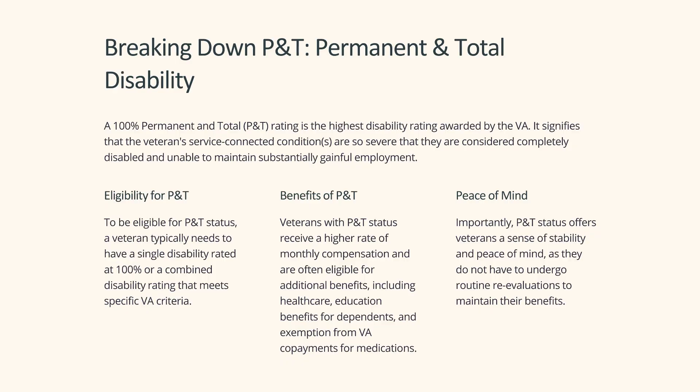A 100% permanent and total (P&T) rating is the highest disability rating awarded by the VA. It signifies that the veteran's service-connected conditions are so severe that they are considered completely disabled and unable to maintain substantially gainful employment.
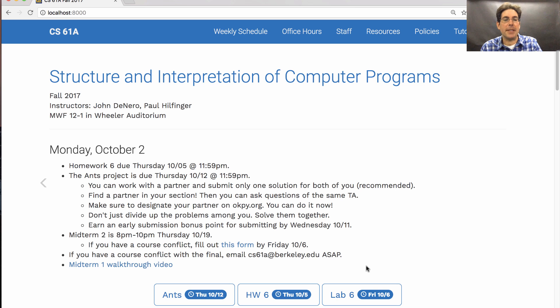The staff have posted a walkthrough video of midterm one so that you can learn how to approach the various problems.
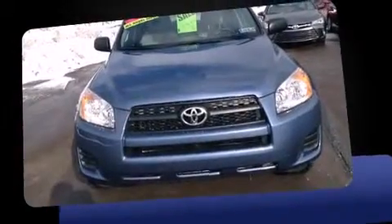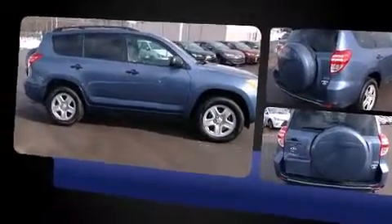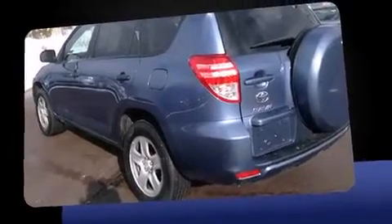Introducing the 2012 Toyota RAV4. With fewer than 25,000 miles on the odometer, this four-door sport utility vehicle prioritizes comfort, safety, and convenience. It features an automatic transmission, four-wheel drive, and a 2.5-liter four-cylinder engine.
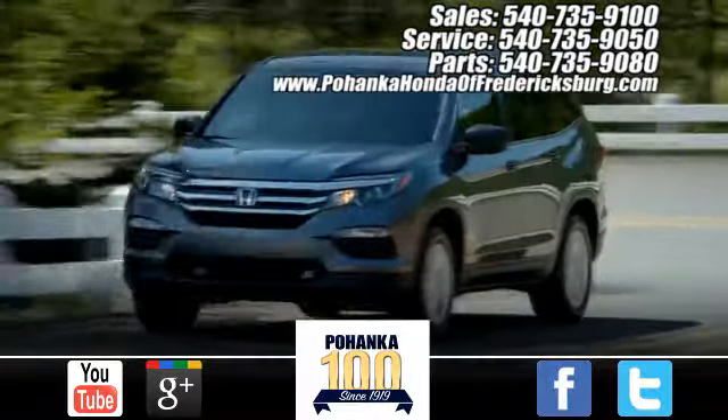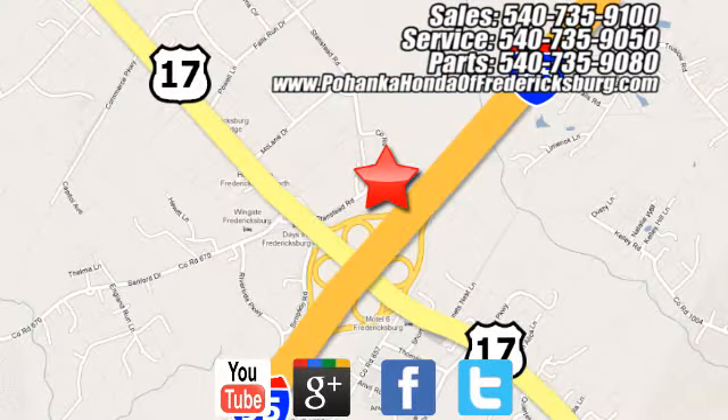Pohanka Honda of Fredericksburg is a great place to buy a car, conveniently located at 60 South Gateway Drive in Fredericksburg.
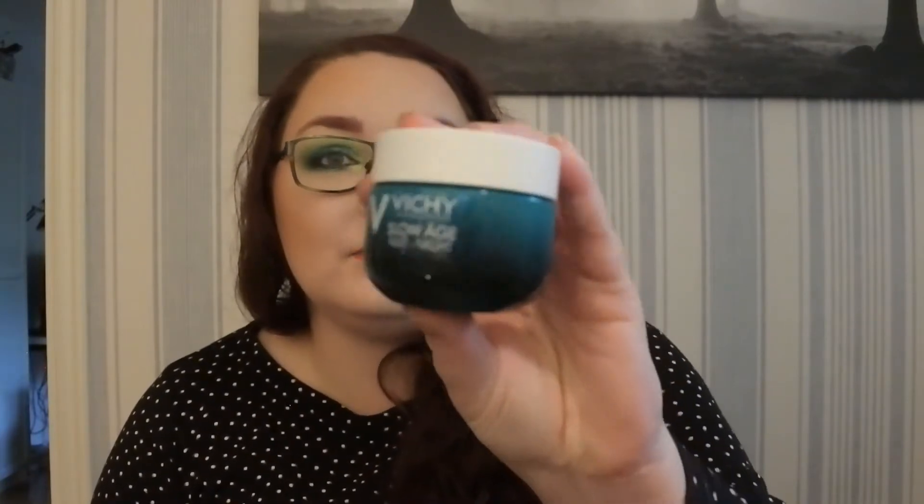I wanted a new night cream since I was out of my Aqua one, so I bought the Vichy Slow Age night cream. I have used this a little bit — I don't like it that much, so I will not repurchase when I'm out of this one.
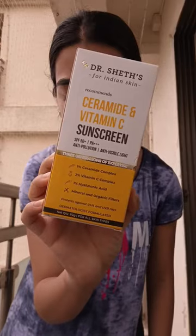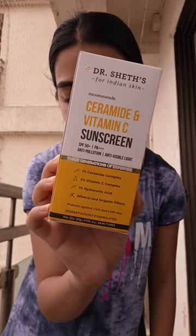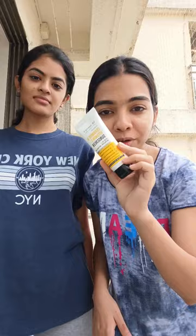Hi guys, I have Kushi with me right here and we are going to try out a new sunscreen. This is the Dr. Shake Ceramide and Vitamin C Sunscreen. Just for reference, I am someone with oily and acne prone skin type, and I am from the combination skin type. This is how the tube looks and it retails for 499 rupees for 50 grams.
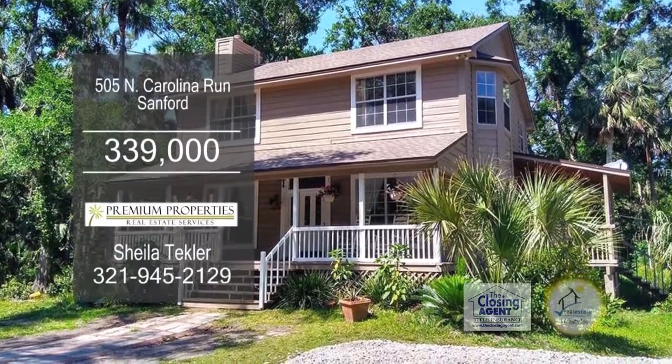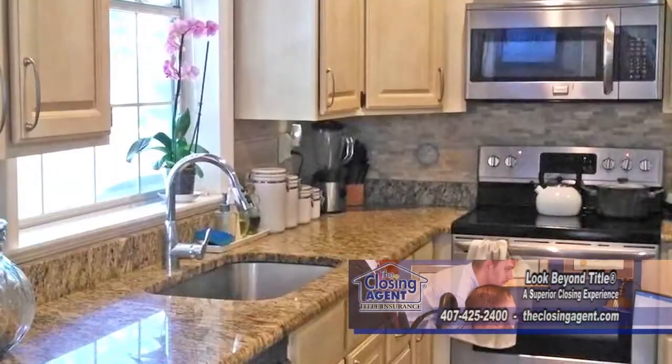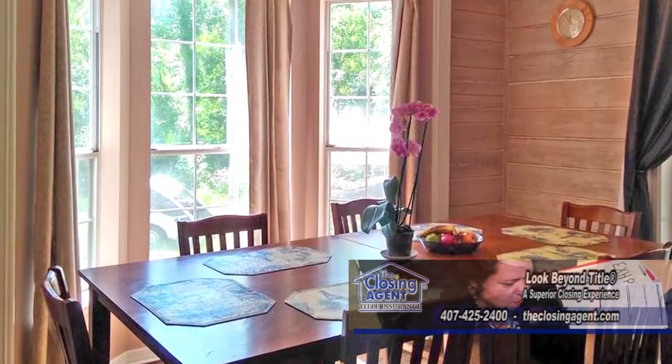This wonderful home in Sanford features four bedrooms and three and a half baths. The large living room is accented with a fireplace. The charming kitchen has granite counters and ample cabinet space. The formal dining room has a bay window to allow natural light in.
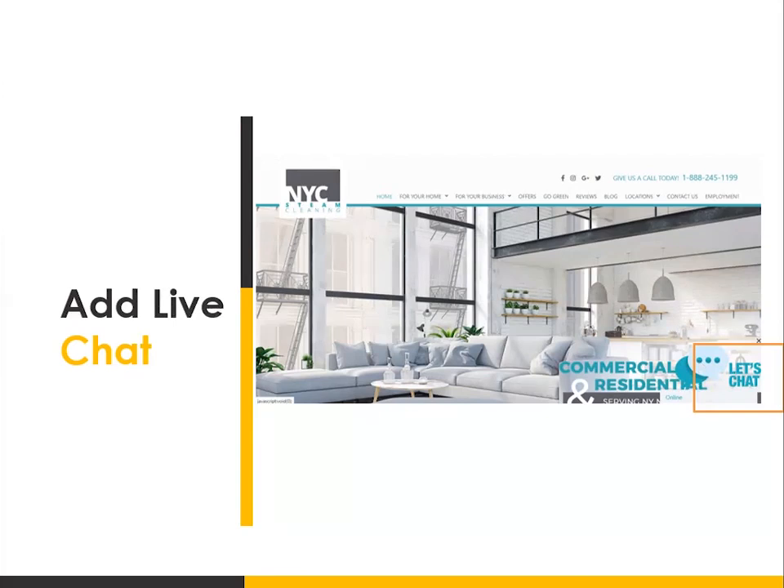The great thing about live chat is that adding it to your site is really not that expensive. There's a company called Live Chat and I think it's about $20 per month to add this feature onto your site.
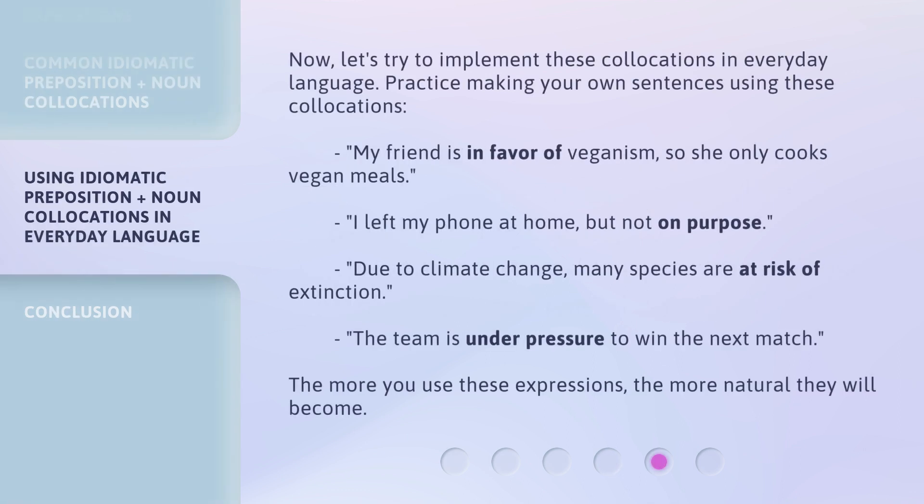Now, let's try to implement these collocations in everyday language. Practice making your own sentences using these collocations. For example: 'My friend is in favor of veganism, so she only cooks vegan meals.' 'I left my phone at home, but not on purpose.' 'Due to climate change, many species are at risk of extinction.' 'The team is under pressure to win the next match.' The more you use these expressions, the more natural they will become.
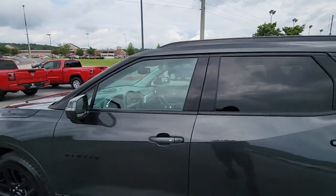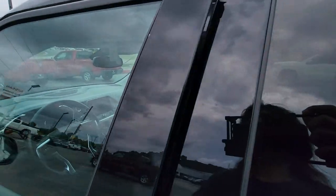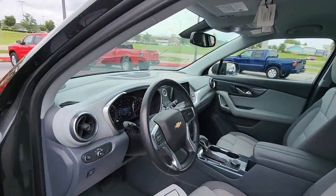Don't miss the chance to drive this sporty Blazer. Our team will give you an outstanding road test experience. Stop in today.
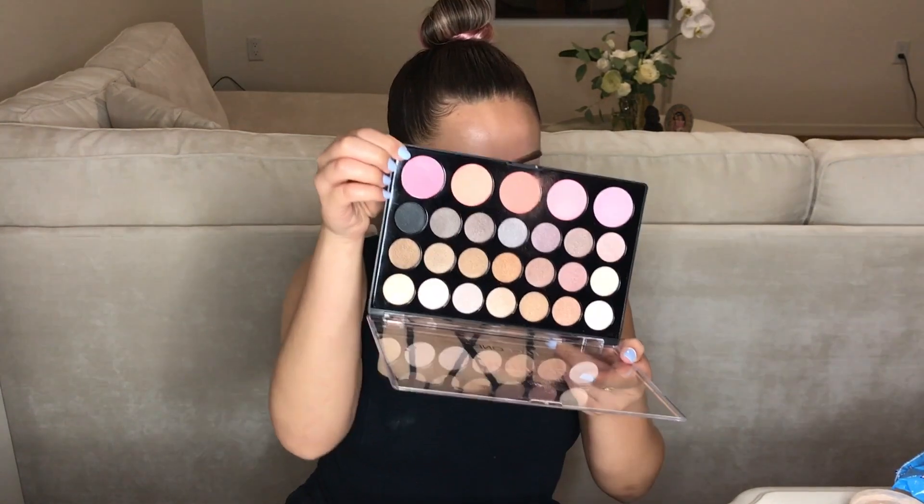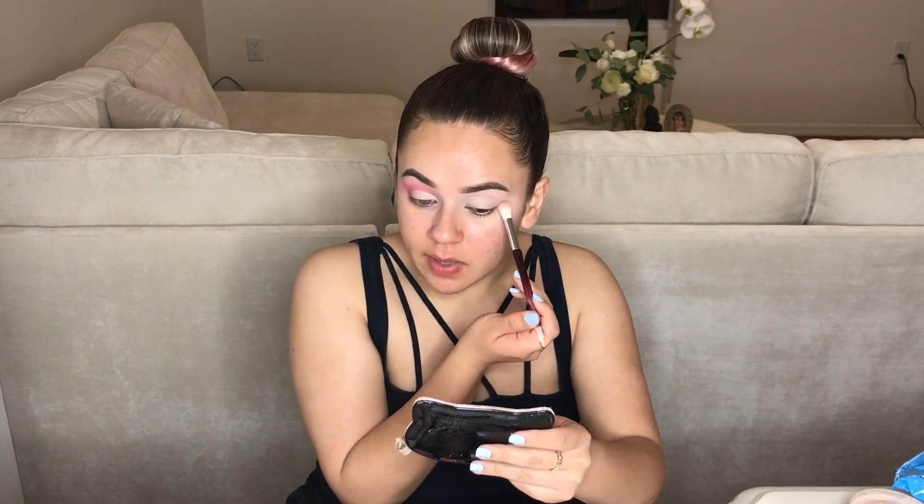Now that the eyebrows are done, I'm going to conceal and then prep my eyes for eyeshadow. I like to do my eyeshadow before my foundation, just in case of fallout — especially with these palettes, there's a lot of fallout. I've prepped this eye by putting concealer and setting it with translucent powder. I'm going to be doing a pink cut crease. The first color I'm taking is from the bigger palette — it's a lighter pink. The trick is to get product on the brush and pack it on before blending.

**About this exercise**. The data must be repeated exactly. Any pictures in it are to be left out.

**Exercise answer**.
A 100% permanent and total (P&T) rating is the highest disability rating awarded by the VA. It signifies that the veteran's service-connected conditions are so severe that they are considered completely disabled and unable to maintain substantially gainful employment.
The staff have posted a walkthrough video of midterm one so that you can learn how to approach the various problems.
Introducing the 2012 Toyota RAV4. With fewer than 25,000 miles on the odometer, this four-door sport utility vehicle prioritizes comfort, safety, and convenience. It features an automatic transmission, four-wheel drive, and a 2.5-liter four-cylinder engine.
Pohanka Honda of Fredericksburg is a great place to buy a car, conveniently located at 60 South Gateway Drive in Fredericksburg.
I wanted a new night cream since I was out of my Aqua one, so I bought the Vichy Slow Age night cream. I have used this a little bit — I don't like it that much, so I will not repurchase when I'm out of this one.
Hi guys, I have Kushi with me right here and we are going to try out a new sunscreen. This is the Dr. Shake Ceramide and Vitamin C Sunscreen. Just for reference, I am someone with oily and acne prone skin type, and I am from the combination skin type. This is how the tube looks and it retails for 499 rupees for 50 grams.
This wonderful home in Sanford features four bedrooms and three and a half baths. The large living room is accented with a fireplace. The charming kitchen has granite counters and ample cabinet space. The formal dining room has a bay window to allow natural light in.
The great thing about live chat is that adding it to your site is really not that expensive. There's a company called Live Chat and I think it's about $20 per month to add this feature onto your site.
Now, let's try to implement these collocations in everyday language. Practice making your own sentences using these collocations. For example: 'My friend is in favor of veganism, so she only cooks vegan meals.' 'I left my phone at home, but not on purpose.' 'Due to climate change, many species are at risk of extinction.' 'The team is under pressure to win the next match.' The more you use these expressions, the more natural they will become.
Don't miss the chance to drive this sporty Blazer. Our team will give you an outstanding road test experience. Stop in today.
Now that the eyebrows are done, I'm going to conceal and then prep my eyes for eyeshadow. I like to do my eyeshadow before my foundation, just in case of fallout — especially with these palettes, there's a lot of fallout. I've prepped this eye by putting concealer and setting it with translucent powder. I'm going to be doing a pink cut crease. The first color I'm taking is from the bigger palette — it's a lighter pink. The trick is to get product on the brush and pack it on before blending.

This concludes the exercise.